I was in Dallas the last 2 weeks & happened to use my Genuardi's card at Tom Thumb, both recent Safeway purchases. Safeway integrated those 2 systems into its others, seemingly a good thing. Just today I got an E-mail offering me an Entertainment Book for Dallas with great bargains [I live in Philadelphia suburb}. How did Entertainment Book track that ONE grocery card use & think I needed a book for Dallas? Beats me, but privacy is a thing of the past, or am I mistaken that it ever existed? [This really happened, to my disbelief too}
Marsha Keeffer - Biz Advisor
2006-09-15 13:25:50
Getting my business card does not give you the right to publish my info. I don't toss them like confetti - it's a private, relationship-based action. And does anyone want to place a bet about how soon Jigsaw will get hacked?

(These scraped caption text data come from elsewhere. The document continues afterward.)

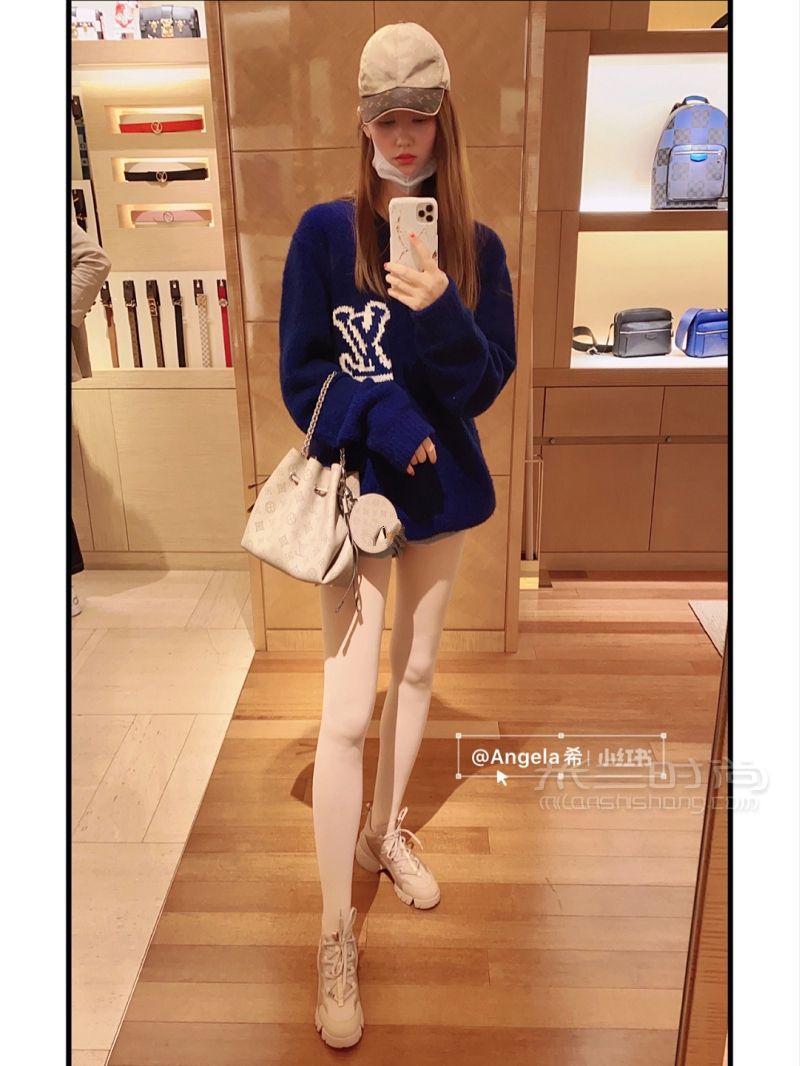 Lv新款Mahina小水桶包好不好？購(gòu)買參考_3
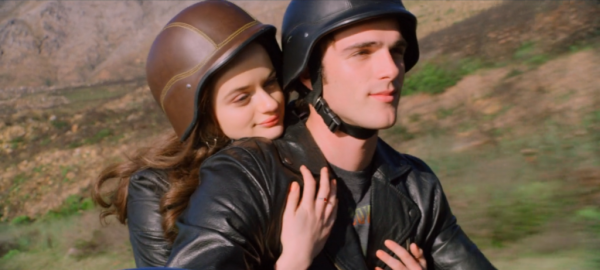 Jacob Elordi Bilang Dia Belum Nonton The Kissing Booth 2, dan Gak Suka Noah Flynn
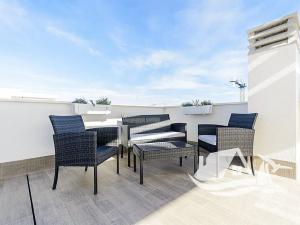 Prodej vily, Cartagena, Španělsko, 102 m2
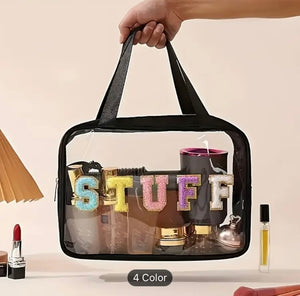 Stuff Cosmetic Bags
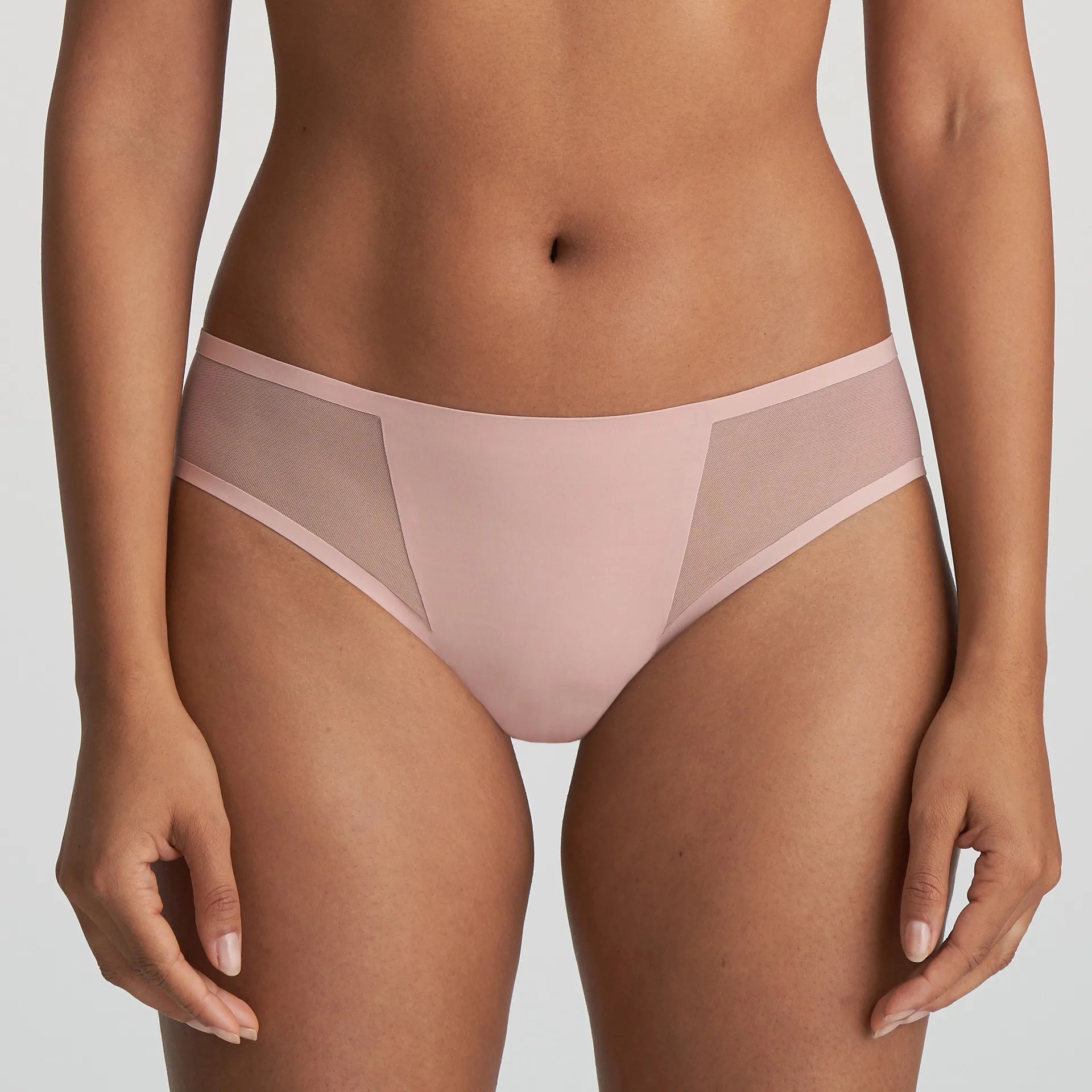 Louie 0522090 - Powder Rose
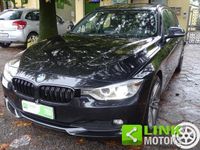 usata BMW 318 Serie 3 (F30/31) d Touring Business aut.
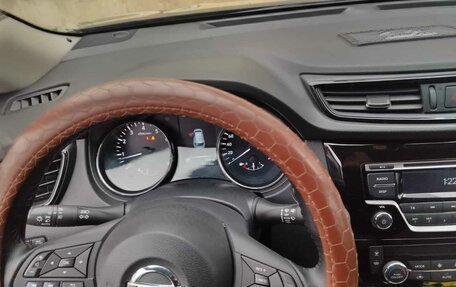 Nissan X-Trail, 2020 год, 2 650 000 рублей, 14 фотография
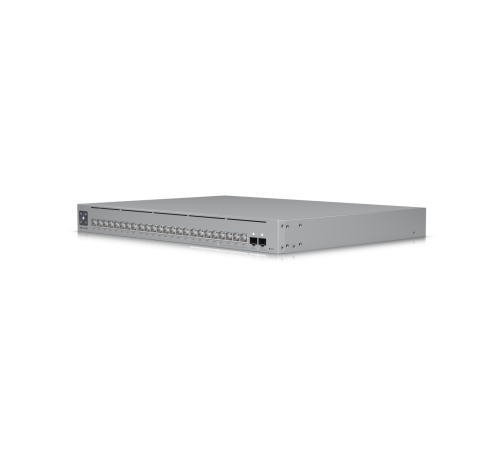 Коммутатор Ubiquiti UniFi Switch Pro Max 24 PoE USW-PRO-MAX-24-POE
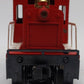 Lionel 56 Vintage O Minneapolis & St. Louis Powered Diesel locomotive VG/Box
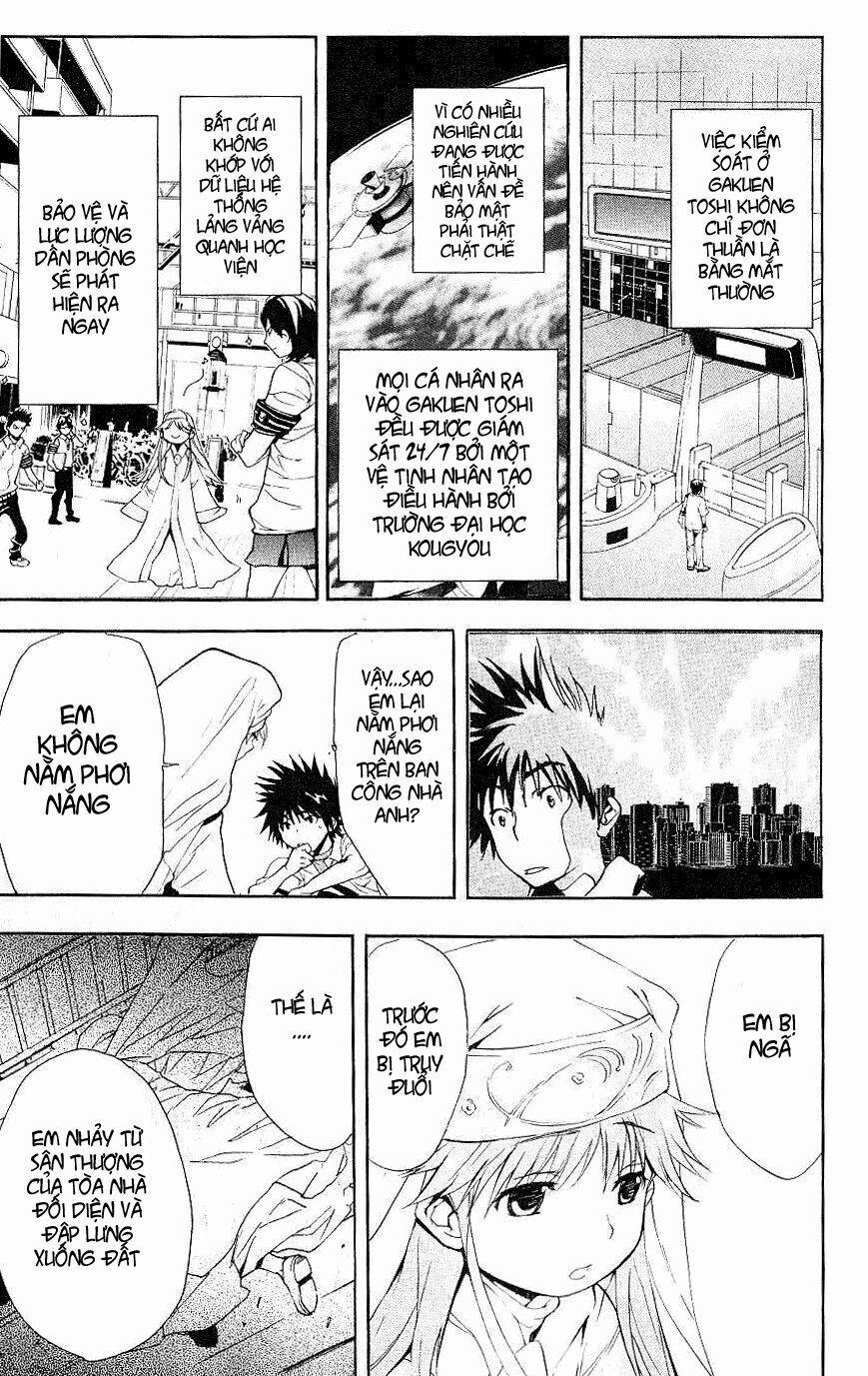 Cấm Thư Ma Thuật Index 2 trang 7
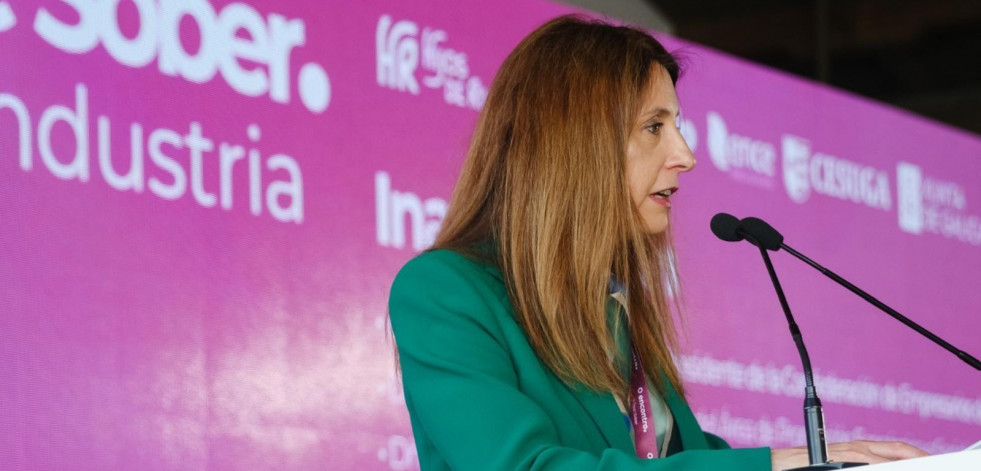 Cesuga da inicio a su II encontro de Sober, un diálogo rural-industria con más de 40 expertos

Harley Gould - Lighting Designer
2006-09-16 21:26:10
This issue may take care of itself.
I hadn't heard of this company until reading this article. however, if I found out one of my clients had passed my information on to some company so they could spam me, my first reaction would be to tell them "you just got screwed, because I"m NOT purchasing anything from you".
Second, the client responsible for passing my information on would find themselves billed for the time dealing with the extra spam.
Melissa Giovagnoli - Values-based Networking
2006-09-16 21:58:51
I have never used this website nor do believe I will in the future. I teach "value-based" networking and find that it reaps much greater, sustainable rewards. Alternatively, I am an advocate of www.linkedin.com as it does not sell its lists and from my research has literallly thousands of executives networking successfully on it.
youngsters - email
2006-09-18 15:55:49


i agree wholeheartedly. we are getting much to liberal withy the sharing of our private personal information. social security #'s as public information started the ball rolling even though by federal law it is not to be used for perposes other than what its name implies. currently routine uses are for bank account numbers, driver's license and ingeneral for any other purpose requested by almost any company for any purpose.
Shel Horowitz, Ethical Marketi - A Sure-Fire Way to PREVENT a B
2007-02-03 11:10:25
I find that extremely creepy. I give a business card to someone because I'm interested in facilitating that person's ability to stay in touch with me. As public as I am, and I'm pretty public, I don't really want people exploiting me by selling my contact info. As it is, I am cursed, as an early adopter on the Internet, with the dubious honor of being included on every blankety-blank list of contacts that spammers buy and sell already.

Let me say categorically that if I ever find out that someone has mined my information in that way, I would *never* do business with that person again. It is an invasion of privacy and a very bad business model.